**THE PROBLEM**
All that should be output is the block of lines below from the line with "Black Foldable Dog Car Seat with Cushion" to the line with "December 12 Vector Calendar", both included, exactly as written.

Records excerpted from a collection
Segment Open
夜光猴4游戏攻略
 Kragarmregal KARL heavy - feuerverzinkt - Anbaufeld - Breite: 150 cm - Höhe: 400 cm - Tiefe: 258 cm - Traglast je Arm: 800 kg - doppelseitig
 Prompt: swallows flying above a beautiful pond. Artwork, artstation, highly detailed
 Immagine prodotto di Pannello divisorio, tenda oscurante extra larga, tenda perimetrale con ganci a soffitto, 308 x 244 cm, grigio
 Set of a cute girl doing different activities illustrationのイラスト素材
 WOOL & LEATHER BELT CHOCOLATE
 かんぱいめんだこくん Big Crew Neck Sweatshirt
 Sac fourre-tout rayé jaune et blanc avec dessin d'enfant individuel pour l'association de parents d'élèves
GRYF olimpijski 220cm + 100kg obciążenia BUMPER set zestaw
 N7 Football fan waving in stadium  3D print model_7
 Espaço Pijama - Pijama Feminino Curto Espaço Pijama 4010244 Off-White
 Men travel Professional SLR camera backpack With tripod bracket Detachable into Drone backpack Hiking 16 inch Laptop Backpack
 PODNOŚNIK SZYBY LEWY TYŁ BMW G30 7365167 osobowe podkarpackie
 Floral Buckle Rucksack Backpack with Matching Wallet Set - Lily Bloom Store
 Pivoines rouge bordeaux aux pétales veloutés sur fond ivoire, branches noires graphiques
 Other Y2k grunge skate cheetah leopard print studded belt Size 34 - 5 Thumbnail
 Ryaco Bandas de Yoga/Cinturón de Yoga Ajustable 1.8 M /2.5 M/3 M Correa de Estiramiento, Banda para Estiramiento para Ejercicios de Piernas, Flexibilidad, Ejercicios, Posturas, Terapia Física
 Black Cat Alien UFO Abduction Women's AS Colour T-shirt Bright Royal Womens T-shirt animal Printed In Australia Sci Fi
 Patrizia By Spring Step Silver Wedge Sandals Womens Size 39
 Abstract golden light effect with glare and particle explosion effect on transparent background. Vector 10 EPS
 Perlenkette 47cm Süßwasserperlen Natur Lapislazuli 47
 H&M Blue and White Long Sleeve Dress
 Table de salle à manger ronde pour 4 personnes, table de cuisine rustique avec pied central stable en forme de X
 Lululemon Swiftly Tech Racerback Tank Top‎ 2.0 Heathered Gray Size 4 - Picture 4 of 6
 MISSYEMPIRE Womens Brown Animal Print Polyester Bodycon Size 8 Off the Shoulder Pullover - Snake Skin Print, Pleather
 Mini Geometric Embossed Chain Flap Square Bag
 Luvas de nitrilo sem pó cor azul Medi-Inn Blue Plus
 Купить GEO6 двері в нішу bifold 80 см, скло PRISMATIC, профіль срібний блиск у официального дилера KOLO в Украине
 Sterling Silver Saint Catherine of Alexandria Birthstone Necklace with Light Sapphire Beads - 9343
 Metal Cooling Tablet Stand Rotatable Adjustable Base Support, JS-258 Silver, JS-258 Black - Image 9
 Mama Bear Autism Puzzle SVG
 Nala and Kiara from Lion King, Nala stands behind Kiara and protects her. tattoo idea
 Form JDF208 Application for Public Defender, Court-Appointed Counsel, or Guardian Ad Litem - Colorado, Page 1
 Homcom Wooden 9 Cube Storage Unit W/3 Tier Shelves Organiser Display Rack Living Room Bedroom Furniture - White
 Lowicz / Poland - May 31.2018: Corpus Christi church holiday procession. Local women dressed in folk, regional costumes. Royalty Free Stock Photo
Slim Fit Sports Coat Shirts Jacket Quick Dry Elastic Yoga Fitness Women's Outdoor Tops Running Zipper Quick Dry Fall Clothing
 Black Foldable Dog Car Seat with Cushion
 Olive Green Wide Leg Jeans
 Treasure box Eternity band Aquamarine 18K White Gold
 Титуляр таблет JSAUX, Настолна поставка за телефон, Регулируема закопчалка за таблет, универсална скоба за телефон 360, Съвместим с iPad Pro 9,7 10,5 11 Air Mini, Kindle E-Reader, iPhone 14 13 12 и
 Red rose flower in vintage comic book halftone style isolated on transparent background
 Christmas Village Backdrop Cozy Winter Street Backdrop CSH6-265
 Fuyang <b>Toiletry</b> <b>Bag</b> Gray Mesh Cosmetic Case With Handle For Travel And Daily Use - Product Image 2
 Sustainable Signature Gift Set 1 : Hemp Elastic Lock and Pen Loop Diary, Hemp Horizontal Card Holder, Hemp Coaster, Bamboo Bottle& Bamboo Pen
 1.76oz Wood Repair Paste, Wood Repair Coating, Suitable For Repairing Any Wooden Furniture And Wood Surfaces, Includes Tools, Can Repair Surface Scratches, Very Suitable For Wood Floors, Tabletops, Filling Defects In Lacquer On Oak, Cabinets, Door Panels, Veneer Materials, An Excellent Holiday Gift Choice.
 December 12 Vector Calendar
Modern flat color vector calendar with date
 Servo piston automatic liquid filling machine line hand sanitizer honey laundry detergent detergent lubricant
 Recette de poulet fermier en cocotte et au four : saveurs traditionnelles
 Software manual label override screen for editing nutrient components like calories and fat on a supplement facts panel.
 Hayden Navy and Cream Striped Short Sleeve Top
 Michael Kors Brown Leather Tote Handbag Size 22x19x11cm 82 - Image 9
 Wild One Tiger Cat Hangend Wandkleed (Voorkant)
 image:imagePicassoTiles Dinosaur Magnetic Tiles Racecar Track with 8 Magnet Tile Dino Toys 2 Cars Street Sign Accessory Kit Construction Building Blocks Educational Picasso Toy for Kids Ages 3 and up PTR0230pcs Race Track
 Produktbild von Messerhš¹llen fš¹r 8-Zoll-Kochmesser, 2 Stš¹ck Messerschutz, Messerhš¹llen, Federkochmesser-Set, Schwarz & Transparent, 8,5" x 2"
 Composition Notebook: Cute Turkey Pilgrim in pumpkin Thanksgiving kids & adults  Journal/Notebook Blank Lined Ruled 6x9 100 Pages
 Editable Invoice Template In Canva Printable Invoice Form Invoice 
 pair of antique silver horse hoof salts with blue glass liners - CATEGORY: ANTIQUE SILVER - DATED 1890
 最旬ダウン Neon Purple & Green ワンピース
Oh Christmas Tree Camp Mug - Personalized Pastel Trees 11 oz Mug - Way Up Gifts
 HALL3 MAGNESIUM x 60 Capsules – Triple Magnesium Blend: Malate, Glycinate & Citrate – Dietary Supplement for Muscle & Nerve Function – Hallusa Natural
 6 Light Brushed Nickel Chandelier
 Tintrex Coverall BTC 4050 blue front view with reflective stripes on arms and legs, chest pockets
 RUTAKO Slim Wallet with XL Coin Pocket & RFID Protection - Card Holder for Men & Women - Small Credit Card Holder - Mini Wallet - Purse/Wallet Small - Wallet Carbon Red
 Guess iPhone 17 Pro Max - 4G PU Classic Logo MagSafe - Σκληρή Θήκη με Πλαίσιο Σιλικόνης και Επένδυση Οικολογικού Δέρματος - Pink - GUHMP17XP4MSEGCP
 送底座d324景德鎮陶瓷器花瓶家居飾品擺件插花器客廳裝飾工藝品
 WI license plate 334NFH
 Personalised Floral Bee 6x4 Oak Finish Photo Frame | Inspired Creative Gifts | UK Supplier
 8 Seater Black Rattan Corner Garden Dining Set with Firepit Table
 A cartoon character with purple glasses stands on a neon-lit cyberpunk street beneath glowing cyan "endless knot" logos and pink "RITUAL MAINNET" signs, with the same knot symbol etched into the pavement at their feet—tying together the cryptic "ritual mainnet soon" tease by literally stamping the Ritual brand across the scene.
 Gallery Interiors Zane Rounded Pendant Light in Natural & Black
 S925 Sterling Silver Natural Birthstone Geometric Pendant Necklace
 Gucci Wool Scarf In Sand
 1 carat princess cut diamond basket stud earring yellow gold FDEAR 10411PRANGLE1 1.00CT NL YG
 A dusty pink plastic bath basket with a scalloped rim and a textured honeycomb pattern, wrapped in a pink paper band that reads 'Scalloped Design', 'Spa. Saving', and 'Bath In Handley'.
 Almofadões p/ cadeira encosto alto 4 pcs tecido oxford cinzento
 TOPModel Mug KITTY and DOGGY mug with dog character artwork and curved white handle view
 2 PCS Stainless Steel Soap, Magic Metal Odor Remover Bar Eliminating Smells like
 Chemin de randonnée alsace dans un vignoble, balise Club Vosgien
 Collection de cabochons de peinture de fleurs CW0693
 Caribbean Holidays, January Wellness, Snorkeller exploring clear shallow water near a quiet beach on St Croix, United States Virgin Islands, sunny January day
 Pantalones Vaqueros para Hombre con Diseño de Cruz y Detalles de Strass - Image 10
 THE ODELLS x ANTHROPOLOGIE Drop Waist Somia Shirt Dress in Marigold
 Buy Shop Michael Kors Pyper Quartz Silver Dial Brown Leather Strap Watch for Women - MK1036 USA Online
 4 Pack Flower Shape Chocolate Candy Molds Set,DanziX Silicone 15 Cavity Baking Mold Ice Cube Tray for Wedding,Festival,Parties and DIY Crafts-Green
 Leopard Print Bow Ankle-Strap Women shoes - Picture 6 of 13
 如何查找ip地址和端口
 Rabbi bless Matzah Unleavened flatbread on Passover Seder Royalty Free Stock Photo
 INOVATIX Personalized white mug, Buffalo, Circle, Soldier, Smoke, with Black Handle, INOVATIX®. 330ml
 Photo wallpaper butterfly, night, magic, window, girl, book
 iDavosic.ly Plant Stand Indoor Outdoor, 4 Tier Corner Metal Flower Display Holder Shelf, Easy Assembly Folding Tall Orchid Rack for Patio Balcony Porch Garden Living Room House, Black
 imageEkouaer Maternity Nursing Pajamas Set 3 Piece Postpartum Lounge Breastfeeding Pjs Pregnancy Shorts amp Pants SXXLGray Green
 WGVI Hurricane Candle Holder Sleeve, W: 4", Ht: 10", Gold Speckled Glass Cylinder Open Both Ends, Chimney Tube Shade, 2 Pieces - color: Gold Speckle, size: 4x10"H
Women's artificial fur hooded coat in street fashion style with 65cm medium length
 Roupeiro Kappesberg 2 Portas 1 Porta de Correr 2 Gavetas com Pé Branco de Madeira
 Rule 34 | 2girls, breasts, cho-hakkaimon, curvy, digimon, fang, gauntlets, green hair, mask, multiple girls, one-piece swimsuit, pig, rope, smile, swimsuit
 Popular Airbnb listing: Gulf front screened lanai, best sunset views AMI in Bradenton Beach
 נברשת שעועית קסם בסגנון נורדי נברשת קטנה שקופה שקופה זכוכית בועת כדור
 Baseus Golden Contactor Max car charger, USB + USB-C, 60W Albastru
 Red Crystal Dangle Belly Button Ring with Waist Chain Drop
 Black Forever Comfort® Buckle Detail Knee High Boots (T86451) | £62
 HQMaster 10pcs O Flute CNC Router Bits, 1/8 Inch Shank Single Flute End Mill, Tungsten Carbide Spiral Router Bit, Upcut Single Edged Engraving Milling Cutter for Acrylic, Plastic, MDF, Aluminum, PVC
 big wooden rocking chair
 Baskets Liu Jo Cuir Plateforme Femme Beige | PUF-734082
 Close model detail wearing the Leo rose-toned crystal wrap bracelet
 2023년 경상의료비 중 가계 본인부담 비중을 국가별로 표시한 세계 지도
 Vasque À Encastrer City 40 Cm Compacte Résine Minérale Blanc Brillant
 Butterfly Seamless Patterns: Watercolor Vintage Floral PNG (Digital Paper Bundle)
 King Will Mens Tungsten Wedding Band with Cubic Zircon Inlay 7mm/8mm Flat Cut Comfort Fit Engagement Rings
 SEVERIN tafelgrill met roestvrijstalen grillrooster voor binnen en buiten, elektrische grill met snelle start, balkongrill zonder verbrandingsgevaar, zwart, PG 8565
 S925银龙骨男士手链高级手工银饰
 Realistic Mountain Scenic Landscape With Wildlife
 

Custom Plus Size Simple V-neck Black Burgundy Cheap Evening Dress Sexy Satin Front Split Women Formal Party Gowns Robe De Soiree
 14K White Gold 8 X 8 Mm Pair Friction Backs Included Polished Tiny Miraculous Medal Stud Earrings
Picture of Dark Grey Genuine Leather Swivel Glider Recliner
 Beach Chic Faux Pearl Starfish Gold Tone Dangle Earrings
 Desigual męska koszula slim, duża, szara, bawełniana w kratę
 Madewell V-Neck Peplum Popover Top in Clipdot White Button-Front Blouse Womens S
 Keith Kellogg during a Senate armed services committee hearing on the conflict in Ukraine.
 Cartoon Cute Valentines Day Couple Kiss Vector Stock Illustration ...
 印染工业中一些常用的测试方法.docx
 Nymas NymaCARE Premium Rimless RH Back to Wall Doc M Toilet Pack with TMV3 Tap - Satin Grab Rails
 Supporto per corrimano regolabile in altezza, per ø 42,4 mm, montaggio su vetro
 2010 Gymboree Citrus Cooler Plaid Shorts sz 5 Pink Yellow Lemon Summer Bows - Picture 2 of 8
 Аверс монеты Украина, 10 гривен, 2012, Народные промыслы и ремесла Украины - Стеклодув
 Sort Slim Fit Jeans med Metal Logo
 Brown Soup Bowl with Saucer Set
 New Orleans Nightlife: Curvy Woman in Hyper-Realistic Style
Segment Closed
**RESPONSE BELOW**
 Black Foldable Dog Car Seat with Cushion
 Olive Green Wide Leg Jeans
 Treasure box Eternity band Aquamarine 18K White Gold
 Титуляр таблет JSAUX, Настолна поставка за телефон, Регулируема закопчалка за таблет, универсална скоба за телефон 360, Съвместим с iPad Pro 9,7 10,5 11 Air Mini, Kindle E-Reader, iPhone 14 13 12 и
 Red rose flower in vintage comic book halftone style isolated on transparent background
 Christmas Village Backdrop Cozy Winter Street Backdrop CSH6-265
 Fuyang <b>Toiletry</b> <b>Bag</b> Gray Mesh Cosmetic Case With Handle For Travel And Daily Use - Product Image 2
 Sustainable Signature Gift Set 1 : Hemp Elastic Lock and Pen Loop Diary, Hemp Horizontal Card Holder, Hemp Coaster, Bamboo Bottle& Bamboo Pen
 1.76oz Wood Repair Paste, Wood Repair Coating, Suitable For Repairing Any Wooden Furniture And Wood Surfaces, Includes Tools, Can Repair Surface Scratches, Very Suitable For Wood Floors, Tabletops, Filling Defects In Lacquer On Oak, Cabinets, Door Panels, Veneer Materials, An Excellent Holiday Gift Choice.
 December 12 Vector Calendar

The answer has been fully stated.